Reproduce every entry word for word.
━━━━━━━━━━━━━━━━
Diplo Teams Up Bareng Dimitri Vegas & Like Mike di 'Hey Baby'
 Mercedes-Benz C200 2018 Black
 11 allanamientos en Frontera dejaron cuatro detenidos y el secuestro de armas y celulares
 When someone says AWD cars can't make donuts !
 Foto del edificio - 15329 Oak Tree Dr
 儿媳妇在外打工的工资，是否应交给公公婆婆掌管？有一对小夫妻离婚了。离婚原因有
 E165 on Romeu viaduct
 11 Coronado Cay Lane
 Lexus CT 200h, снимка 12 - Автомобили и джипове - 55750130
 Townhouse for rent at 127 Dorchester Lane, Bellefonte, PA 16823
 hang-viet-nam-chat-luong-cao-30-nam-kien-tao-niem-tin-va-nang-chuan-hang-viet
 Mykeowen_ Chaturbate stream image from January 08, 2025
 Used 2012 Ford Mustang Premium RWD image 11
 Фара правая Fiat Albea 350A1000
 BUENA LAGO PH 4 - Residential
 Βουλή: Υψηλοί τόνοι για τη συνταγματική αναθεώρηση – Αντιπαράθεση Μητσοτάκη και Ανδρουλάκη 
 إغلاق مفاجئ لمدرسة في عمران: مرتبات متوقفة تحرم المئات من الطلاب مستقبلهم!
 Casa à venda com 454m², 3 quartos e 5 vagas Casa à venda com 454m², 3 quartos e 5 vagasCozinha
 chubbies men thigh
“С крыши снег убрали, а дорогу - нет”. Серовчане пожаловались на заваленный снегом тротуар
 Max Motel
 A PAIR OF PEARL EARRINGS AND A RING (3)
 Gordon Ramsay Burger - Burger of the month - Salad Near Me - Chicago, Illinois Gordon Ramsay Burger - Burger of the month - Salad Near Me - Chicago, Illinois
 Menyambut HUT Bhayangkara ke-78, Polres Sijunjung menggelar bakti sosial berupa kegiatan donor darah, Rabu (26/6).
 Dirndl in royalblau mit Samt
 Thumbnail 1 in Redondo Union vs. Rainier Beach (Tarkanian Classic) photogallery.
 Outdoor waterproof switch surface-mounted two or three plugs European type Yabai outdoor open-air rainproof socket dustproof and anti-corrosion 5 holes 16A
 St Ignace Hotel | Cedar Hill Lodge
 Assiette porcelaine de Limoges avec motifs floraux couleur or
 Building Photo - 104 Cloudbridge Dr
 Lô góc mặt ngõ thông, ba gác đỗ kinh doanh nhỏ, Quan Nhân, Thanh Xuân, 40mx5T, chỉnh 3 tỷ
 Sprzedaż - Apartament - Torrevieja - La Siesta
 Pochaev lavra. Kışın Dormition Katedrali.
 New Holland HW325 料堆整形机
━━━━━━━━━━━━━━━━
**RESPONSE AREA**
Diplo Teams Up Bareng Dimitri Vegas & Like Mike di 'Hey Baby'
 Mercedes-Benz C200 2018 Black
 11 allanamientos en Frontera dejaron cuatro detenidos y el secuestro de armas y celulares
 When someone says AWD cars can't make donuts !
 Foto del edificio - 15329 Oak Tree Dr
 儿媳妇在外打工的工资，是否应交给公公婆婆掌管？有一对小夫妻离婚了。离婚原因有
 E165 on Romeu viaduct
 11 Coronado Cay Lane
 Lexus CT 200h, снимка 12 - Автомобили и джипове - 55750130
 Townhouse for rent at 127 Dorchester Lane, Bellefonte, PA 16823
 hang-viet-nam-chat-luong-cao-30-nam-kien-tao-niem-tin-va-nang-chuan-hang-viet
 Mykeowen_ Chaturbate stream image from January 08, 2025
 Used 2012 Ford Mustang Premium RWD image 11
 Фара правая Fiat Albea 350A1000
 BUENA LAGO PH 4 - Residential
 Βουλή: Υψηλοί τόνοι για τη συνταγματική αναθεώρηση – Αντιπαράθεση Μητσοτάκη και Ανδρουλάκη 
 إغلاق مفاجئ لمدرسة في عمران: مرتبات متوقفة تحرم المئات من الطلاب مستقبلهم!
 Casa à venda com 454m², 3 quartos e 5 vagas Casa à venda com 454m², 3 quartos e 5 vagasCozinha
 chubbies men thigh
“С крыши снег убрали, а дорогу - нет”. Серовчане пожаловались на заваленный снегом тротуар
 Max Motel
 A PAIR OF PEARL EARRINGS AND A RING (3)
 Gordon Ramsay Burger - Burger of the month - Salad Near Me - Chicago, Illinois Gordon Ramsay Burger - Burger of the month - Salad Near Me - Chicago, Illinois
 Menyambut HUT Bhayangkara ke-78, Polres Sijunjung menggelar bakti sosial berupa kegiatan donor darah, Rabu (26/6).
 Dirndl in royalblau mit Samt
 Thumbnail 1 in Redondo Union vs. Rainier Beach (Tarkanian Classic) photogallery.
 Outdoor waterproof switch surface-mounted two or three plugs European type Yabai outdoor open-air rainproof socket dustproof and anti-corrosion 5 holes 16A
 St Ignace Hotel | Cedar Hill Lodge
 Assiette porcelaine de Limoges avec motifs floraux couleur or
 Building Photo - 104 Cloudbridge Dr
 Lô góc mặt ngõ thông, ba gác đỗ kinh doanh nhỏ, Quan Nhân, Thanh Xuân, 40mx5T, chỉnh 3 tỷ
 Sprzedaż - Apartament - Torrevieja - La Siesta
 Pochaev lavra. Kışın Dormition Katedrali.
 New Holland HW325 料堆整形机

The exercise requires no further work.